Book-bot.com - read famous books online for free

The American Missionary — Volume 43, No. 02, February, 1889 by Various
page 75 of 135 (55%)
Must this condition of things continue, among a people, too, who are all
native born Americans, who have fair native abilities to become a power
for good if trained in Christian schools?

_Is it not time a special_ effort be made for these _girls_? They are
growing older. They will soon be the mothers of a new generation. With
illiterate mothers what will that generation be? Just what the present
generation now is. What will it be if these girls now growing up are
brought into a school like ours at Pleasant Hill? Here, if there can be
sufficient room and ample teaching force, they will be taught and
trained in a practical knowledge of all the duties of life, especially
in those of the household.
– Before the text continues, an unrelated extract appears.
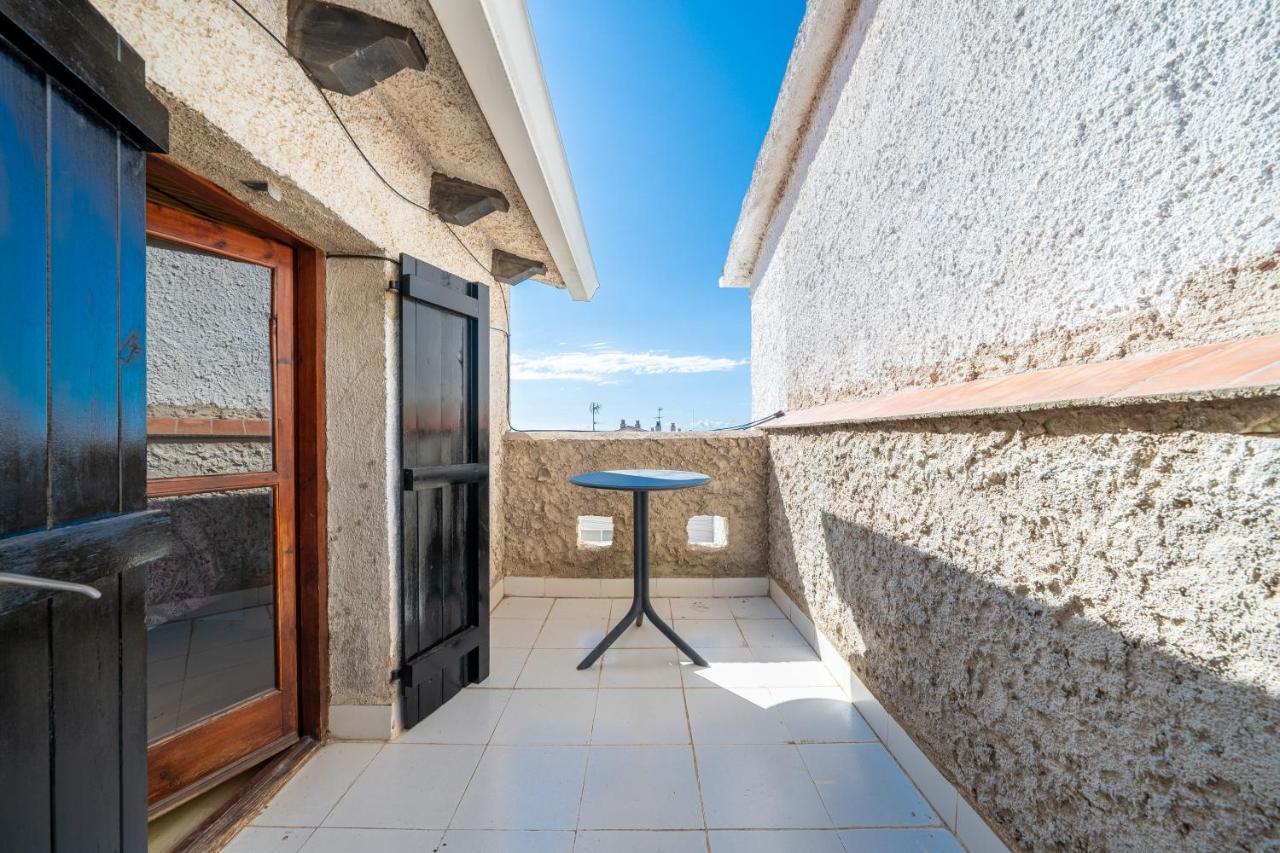 Casa de Férias Casa Manolo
If we educate and save the _girls_ we are
using the very lever needed to lift these hopeless and neglected
thousands living at our very doors, out of their degraded life and bring
them into the light of the 19th century, and qualify them to take
positions among the best women of the land.

The work for which I plead is full of encouragement and hope. It is not
in Africa. It is within one or two days' ride of the largest and most
wealthy churches of our country, those who love the Kingdom of Christ
and have sent, and are still sending, their thousands of dollars to the
ends of the earth, while these bright American girls are, by some
strange oversight, neglected at our very doors.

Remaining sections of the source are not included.